I am sure that for some reasons, of which when you get to know, you’ll feel sorely ashamed and then become disoriented for much of the remaining part of your life, those who lead this country, did not imagine that the euphoria that followed the back slapping and celebration of our economy becoming the largest in Africa, after the rebasing exercise announced on April 6, 2014.would be overshadowed by  a very grave incident, the abduction of over 200 innocent school girls in what is now truly known to be a neglected, even forgotten, area called Chibok.

You get to know how truly backwaters it is as a part of this country when you see all the pictures that the Cable News Network (CNN), AlJazeera, and the likes have been bringing to our living rooms and offices since ‘Bring Back Our Girls’ broke and began to draw enough global attention to make these networks camp out in Chibok.

I don’t know how the federal government and its officials are feeling right now, but you can be sure that this feeling will also include stomach churnings, the type that will be sending them to the toilet every time they tune on to CNN or they as much as hear the name ‘Oby Ezekwesili’, who is showing all of us that there is a good use of life and time on this earth no matter your status in life, even after a stint at the World Bank.

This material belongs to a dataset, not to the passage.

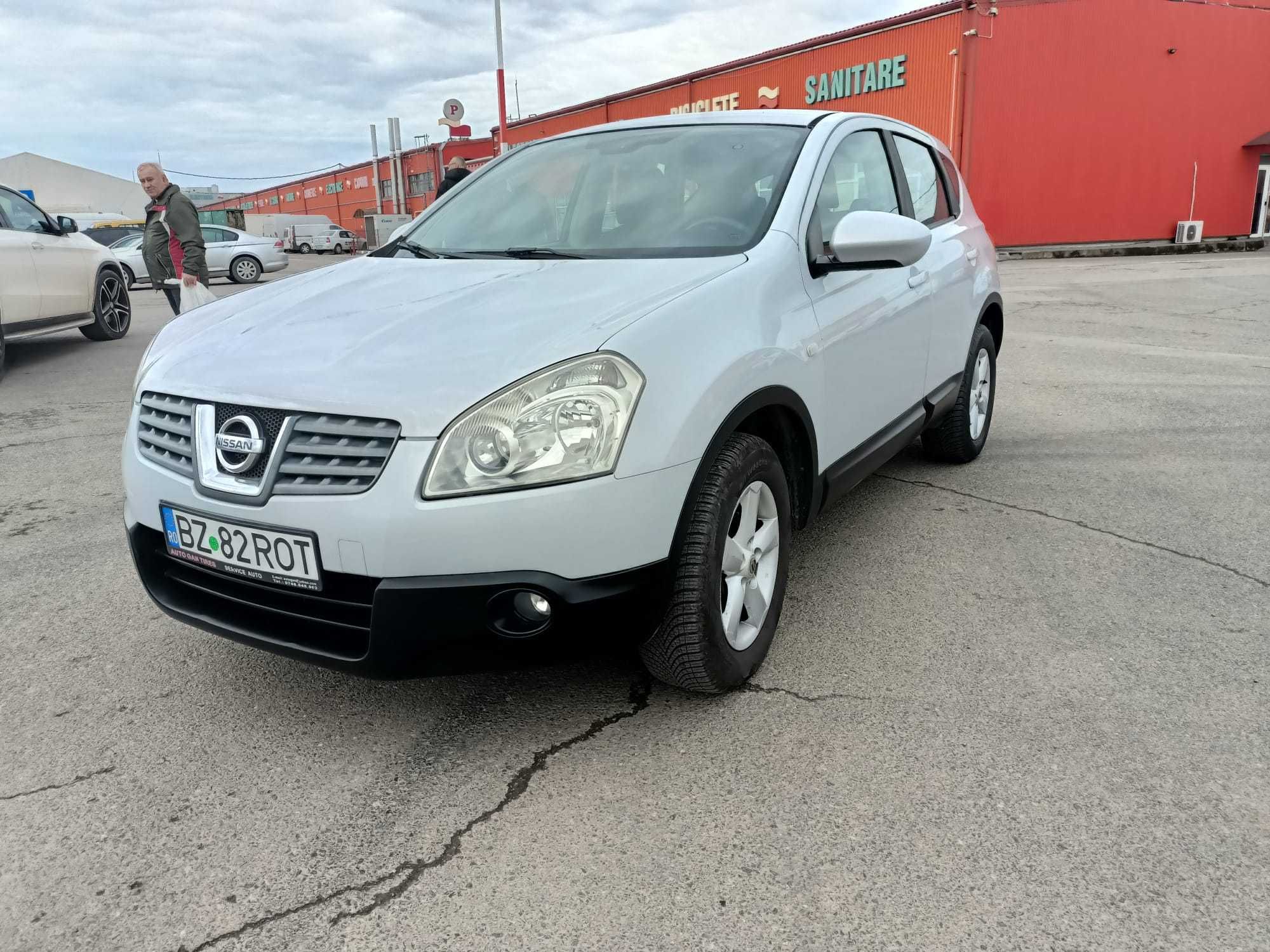 Nissan Qashqai benzina+ gpl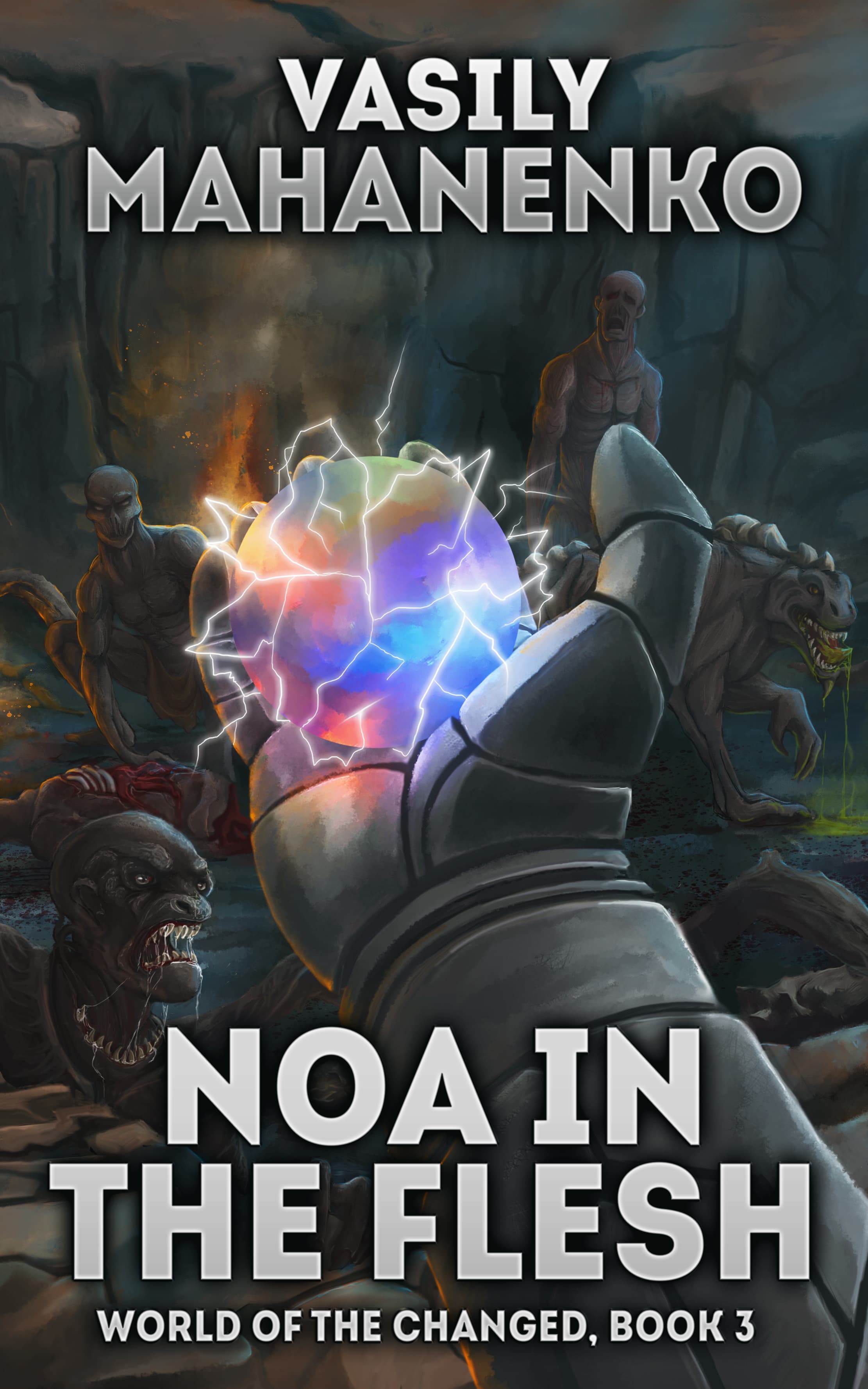 Noa in the Flesh book cover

And did you see how Isha Sesay the other day; and the other day, grilled Labaran Maku, our Information minister, who, on one particular night, was ‘torn’ to pieces by Sesay and he couldn’t say, like they normally say to hapless Nigerian journalists, “I will call your publisher or MD and report you, you this bloody journalist”? And in some extreme cases, when the power becomes very intoxicating, ask a police orderly to “deal with that journalist”. Standing toe to toe with Labaran Maku, Isha Sesay was dealing serious upper cuts to the minister demanding answers from him on the failure of his government to respond properly to the sudden disappearance of close to 300 young girls with the whole of their future ahead of them! Of course, with the cameras rolling, with the whole world watching, all the minister could do was offer wry smiles, but you could see how uncomfortable he was throughout the short session.

There is a broader narrative in all that’s going on right now, especially surrounding the kidnapping of these young school girls. It’s a Nigerian narrative. It’s something we have all always thought we knew but which are issues we often sketched around. In a sense some government officials might see the intense international media focus as intrusive, but they really can’t do anything about it.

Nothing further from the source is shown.